EXERCISE OBJECTIVE :: An exact restatement of the data below, with the pictures removed, is the required answer.

SOURCE MATERIAL ::
· · · · ·

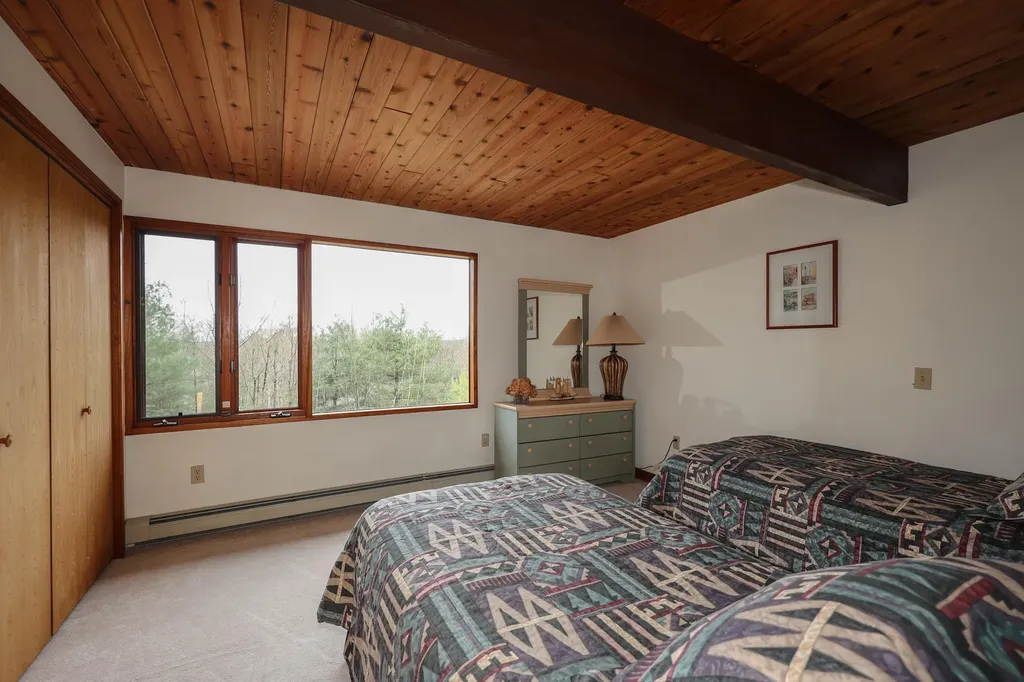 7 Monadnock Lane Bedford NH 03110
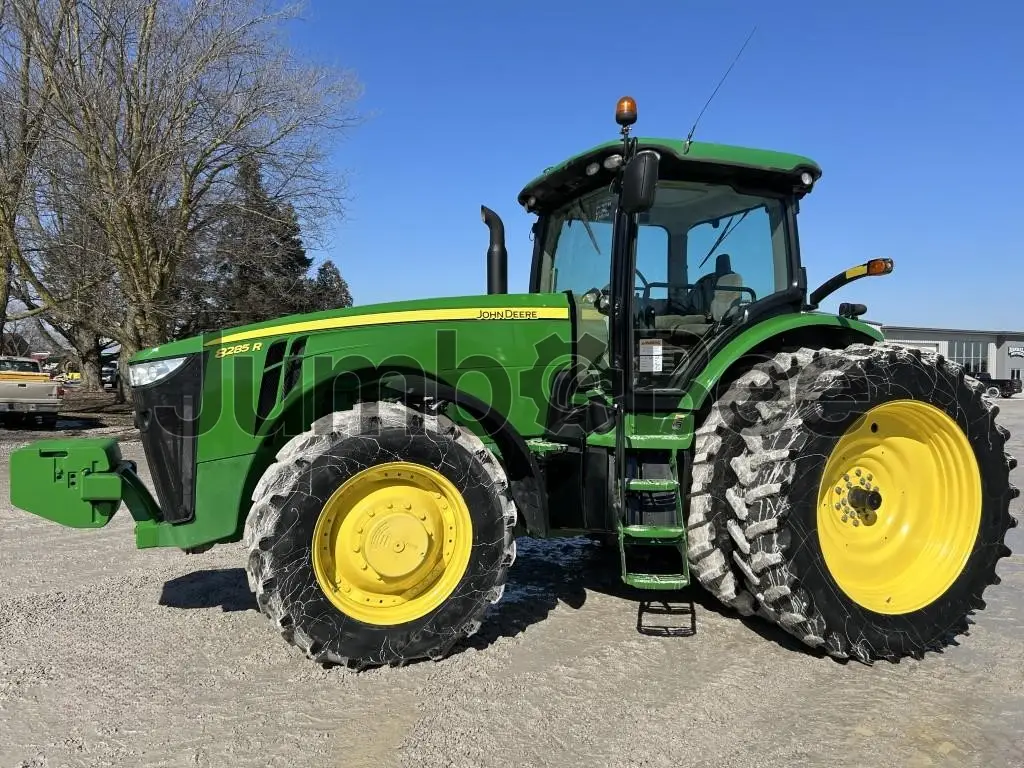 John Deere 8285R 2011 - Usado en Venta — foto 1 de 72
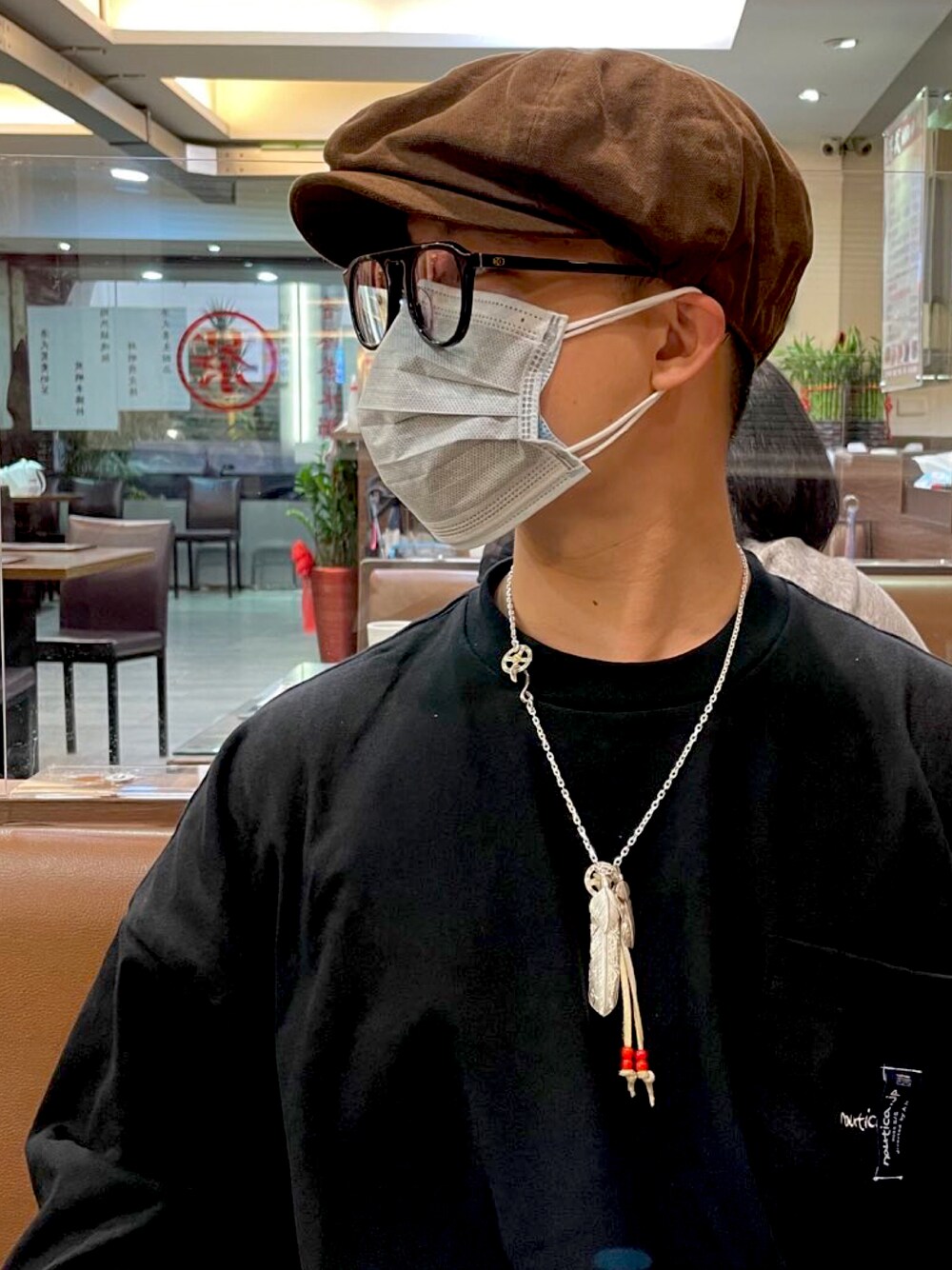 「ootd、夏、夏コーデ、大人カジュアル、oversize、銀器、Taiwan、日系極簡、hongkong、置き画」｜「NAUTICAのアイテム（Tシャツ/カットソー、ブラック系）」を使った、a.さん（メンズ・175cm）の春コーディネートの1枚目の写真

· · · · ·

RESULT BELOW ::
 7 Monadnock Lane Bedford NH 03110
 John Deere 8285R 2011 - Usado en Venta — foto 1 de 72
 「ootd、夏、夏コーデ、大人カジュアル、oversize、銀器、Taiwan、日系極簡、hongkong、置き画」｜「NAUTICAのアイテム（Tシャツ/カットソー、ブラック系）」を使った、a.さん（メンズ・175cm）の春コーディネートの1枚目の写真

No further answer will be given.